The president's domination of virtually all actors in the political process -- the Duma, the TsIK, the media, local administrations, etc. -- has produced a race that can be charitably described as "civilized," although opposition politicians would no doubt use another term.

The OSCE report found baldly that state-controlled national television -- overwhelmingly the public's main source of national news -- devoted far more airtime to Putin than to any other candidate. "On the state-funded TV channels [Putin] has received coverage far beyond that which was reasonably proportionate to his role as head of state," the OSCE wrote. According to the organization's monitoring, for instance, ORT gave Putin two hours and 38 minutes of "overwhelmingly positive" coverage during the first two weeks of the official campaign period. "All other candidates combined received a total of only 22 minutes," the report stated. "The other two state-funded TV channels adopted a similar approach."

The report noted in passing that, as in past election campaigns, the under-funded and vulnerable regional media "have given very little news coverage to the candidates' campaign activities." One bright exception to this general observation emerged on 9 March, when gazeta.ru reported that the independent Afontovo television channel in Krasnoyarsk -- long one of the best regional media companies in Russia -- had broadcast footage of local administration officials arranging for local teachers to vote early in the presidential election. Although it is unlikely this scandal will amount to anything, it was a strikingly bold piece of reporting. During the 1996 and 2000 presidential races, media observers noted that most regional media outlets, out of fear of reprisals, published their reports of campaign violations only after the voting if at all.

Control of the media has greatly facilitated Putin's main campaign tactics, such as refusing to campaign or to participate in televised campaign debates. "The deficit in the campaign environment created by the other candidates' lack of opportunity to address questions and comments to the incumbent president on his performance in office is compounded by the general absence of a critical mass media posing such questions in its reporting," the OSCE wrote.

State media control also assisted Putin when he decided on 24 February to dismiss the government of former Prime Minister Mikhail Kasyanov. For the two weeks leading up to the 14 March ballot, much media attention was diverted from the campaign. Moreover, the Kremlin's grip on the media and the Duma ensured that the government shake-up was portrayed as calm, reasoned leadership rather than as a crisis, as the frequent cabinet dismissals of former President Boris Yeltsin were routinely depicted.

Media control has also allowed the Kremlin to block out any news that would reflect badly on Putin. In a 25 February story headlined "Chechnya Wound Kept Under Wraps For Putin's Big Day," dpa reported that government control of foreign and domestic correspondents working in the conflict zone has been stepped up. Those accredited to work there "are shepherded on tours that are supposed to show deep stabilization in the region." They are told to focus on "Chechnya's social and economic rejuvenation under Moscow's supervision."
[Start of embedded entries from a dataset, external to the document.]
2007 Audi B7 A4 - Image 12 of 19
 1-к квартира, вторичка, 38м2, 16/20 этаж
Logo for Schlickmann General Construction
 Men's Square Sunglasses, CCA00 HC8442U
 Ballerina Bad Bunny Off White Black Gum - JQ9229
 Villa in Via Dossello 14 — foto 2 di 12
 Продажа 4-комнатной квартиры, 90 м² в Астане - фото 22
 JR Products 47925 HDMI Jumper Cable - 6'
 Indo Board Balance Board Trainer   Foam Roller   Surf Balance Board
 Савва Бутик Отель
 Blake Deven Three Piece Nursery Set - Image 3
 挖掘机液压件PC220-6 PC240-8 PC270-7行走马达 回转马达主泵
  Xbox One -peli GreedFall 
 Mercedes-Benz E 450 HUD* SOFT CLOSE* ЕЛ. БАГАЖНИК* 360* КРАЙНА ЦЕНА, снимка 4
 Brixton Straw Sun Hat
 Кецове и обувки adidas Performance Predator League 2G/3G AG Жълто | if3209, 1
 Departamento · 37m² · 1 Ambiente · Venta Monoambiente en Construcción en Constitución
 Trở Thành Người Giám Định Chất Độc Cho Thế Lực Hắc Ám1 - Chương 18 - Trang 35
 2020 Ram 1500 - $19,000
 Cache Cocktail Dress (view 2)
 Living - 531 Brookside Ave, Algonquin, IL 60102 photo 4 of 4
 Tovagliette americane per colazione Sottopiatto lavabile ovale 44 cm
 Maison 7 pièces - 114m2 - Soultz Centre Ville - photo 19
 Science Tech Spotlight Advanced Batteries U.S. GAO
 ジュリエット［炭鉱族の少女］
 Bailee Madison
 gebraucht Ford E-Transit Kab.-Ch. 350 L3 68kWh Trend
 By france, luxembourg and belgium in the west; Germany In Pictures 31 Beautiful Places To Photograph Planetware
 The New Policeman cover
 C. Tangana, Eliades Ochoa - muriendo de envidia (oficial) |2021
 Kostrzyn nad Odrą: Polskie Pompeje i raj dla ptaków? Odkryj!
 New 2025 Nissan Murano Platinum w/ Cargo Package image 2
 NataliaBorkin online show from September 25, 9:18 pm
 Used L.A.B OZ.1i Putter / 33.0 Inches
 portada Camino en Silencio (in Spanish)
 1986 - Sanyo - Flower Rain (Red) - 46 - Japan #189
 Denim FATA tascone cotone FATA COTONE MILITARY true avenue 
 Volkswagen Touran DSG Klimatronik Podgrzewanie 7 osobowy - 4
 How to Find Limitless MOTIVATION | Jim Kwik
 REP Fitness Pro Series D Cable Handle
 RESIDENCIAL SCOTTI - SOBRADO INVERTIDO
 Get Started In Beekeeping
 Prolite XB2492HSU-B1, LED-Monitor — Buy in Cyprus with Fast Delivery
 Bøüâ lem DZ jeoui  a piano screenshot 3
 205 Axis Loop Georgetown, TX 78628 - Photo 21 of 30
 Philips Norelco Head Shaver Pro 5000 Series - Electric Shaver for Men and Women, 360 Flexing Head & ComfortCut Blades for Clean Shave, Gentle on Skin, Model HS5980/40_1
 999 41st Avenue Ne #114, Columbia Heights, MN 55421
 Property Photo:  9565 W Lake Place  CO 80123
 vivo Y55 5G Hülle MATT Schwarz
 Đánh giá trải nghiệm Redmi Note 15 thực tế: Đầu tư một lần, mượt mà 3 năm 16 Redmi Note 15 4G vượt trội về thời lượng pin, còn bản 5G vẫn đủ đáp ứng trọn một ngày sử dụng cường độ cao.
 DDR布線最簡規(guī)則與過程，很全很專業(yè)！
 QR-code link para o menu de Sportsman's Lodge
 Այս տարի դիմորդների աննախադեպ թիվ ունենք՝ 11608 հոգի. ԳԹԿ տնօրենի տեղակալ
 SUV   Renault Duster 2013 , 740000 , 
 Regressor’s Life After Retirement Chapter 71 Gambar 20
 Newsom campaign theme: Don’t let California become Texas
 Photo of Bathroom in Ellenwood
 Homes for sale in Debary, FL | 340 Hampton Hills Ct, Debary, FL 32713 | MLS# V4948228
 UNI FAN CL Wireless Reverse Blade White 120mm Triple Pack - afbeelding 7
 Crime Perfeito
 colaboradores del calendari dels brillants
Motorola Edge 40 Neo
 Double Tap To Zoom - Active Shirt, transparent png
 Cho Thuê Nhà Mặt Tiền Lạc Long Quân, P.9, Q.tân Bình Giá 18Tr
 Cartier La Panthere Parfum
Another monitoring report was issued by the Russian Union of Journalists on 2 March and largely confirmed the OSCE findings. The union found that media outlets -- both print and broadcast -- devoted from 57 percent to 100 percent of their campaign coverage to Putin. Moreover, it did not find any substantial difference between state-controlled and private media. Overall, the union's study -- which was funded by the European Commission -- found that national television devoted 63 percent of its coverage in the first week of the campaign to Putin, with the remaining 37 percent split fairly evenly among the other candidates, except for former State Duma Speaker Ivan Rybkin. According to this report, Rybkin received no coverage at all prior to his strange misadventure in Kyiv.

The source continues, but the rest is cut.